(Image-backed grounding data)
************

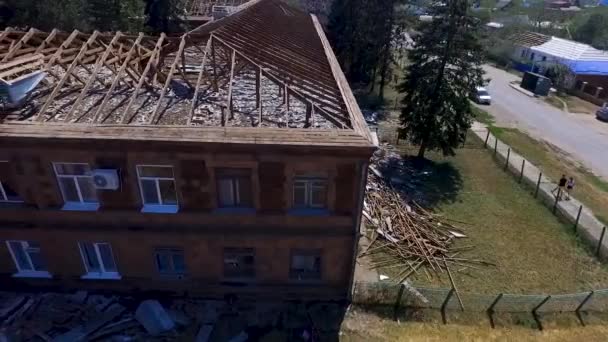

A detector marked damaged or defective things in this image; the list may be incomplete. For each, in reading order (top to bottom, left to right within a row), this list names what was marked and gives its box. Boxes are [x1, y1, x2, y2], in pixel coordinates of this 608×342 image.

damaged roof [0, 0, 372, 148]
broken window [53, 163, 97, 206]
broken window [137, 166, 177, 211]
broken window [216, 168, 252, 207]
broken window [292, 176, 326, 208]
broken window [6, 240, 47, 272]
broken window [78, 240, 119, 278]
broken window [154, 247, 185, 276]
broken window [224, 247, 255, 280]
broken window [290, 248, 324, 280]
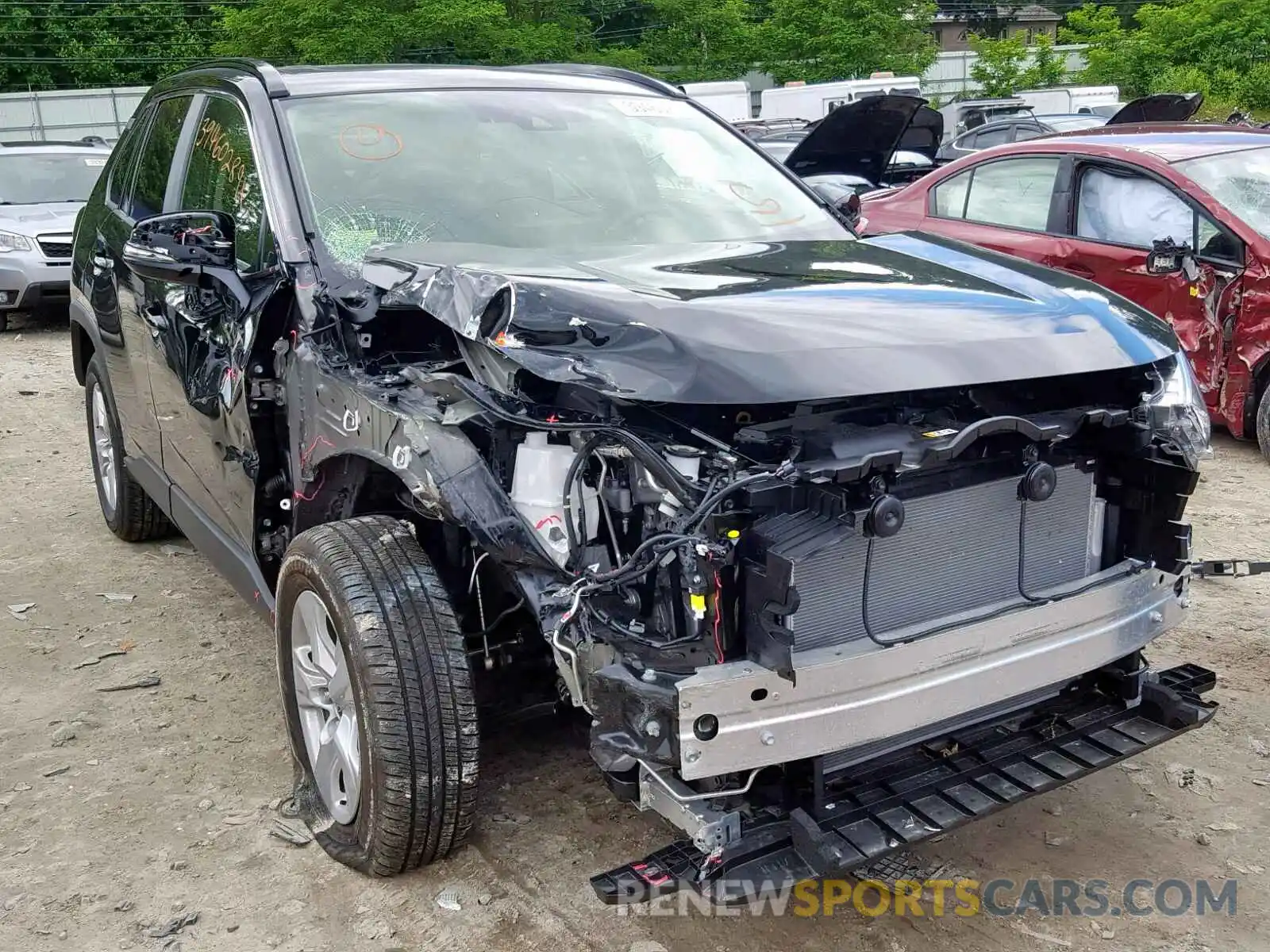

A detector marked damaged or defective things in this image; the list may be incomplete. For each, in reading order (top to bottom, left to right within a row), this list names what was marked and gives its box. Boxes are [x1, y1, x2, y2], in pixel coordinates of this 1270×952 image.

************

* [Task details]: Reproduce each entry precisely, dropping only the pictures.

* [Answer to the problem]:
A detector marked damaged or defective things in this image; the list may be incomplete. For each, in reading order (top to bottom, left to right within a row), this list names what was marked and gives its box. Boxes are [x1, y1, x2, y2], in pixel coordinates of this 608×342 image.

damaged roof [0, 0, 372, 148]
broken window [53, 163, 97, 206]
broken window [137, 166, 177, 211]
broken window [216, 168, 252, 207]
broken window [292, 176, 326, 208]
broken window [6, 240, 47, 272]
broken window [78, 240, 119, 278]
broken window [154, 247, 185, 276]
broken window [224, 247, 255, 280]
broken window [290, 248, 324, 280]

A detector marked damaged or defective things in this image; the list may be incomplete. For each, in reading order (top to bottom, left to right within a row), this list names what was marked and gives its box. Boxes are [x1, y1, x2, y2], in pixel coordinates of this 1270×952 image.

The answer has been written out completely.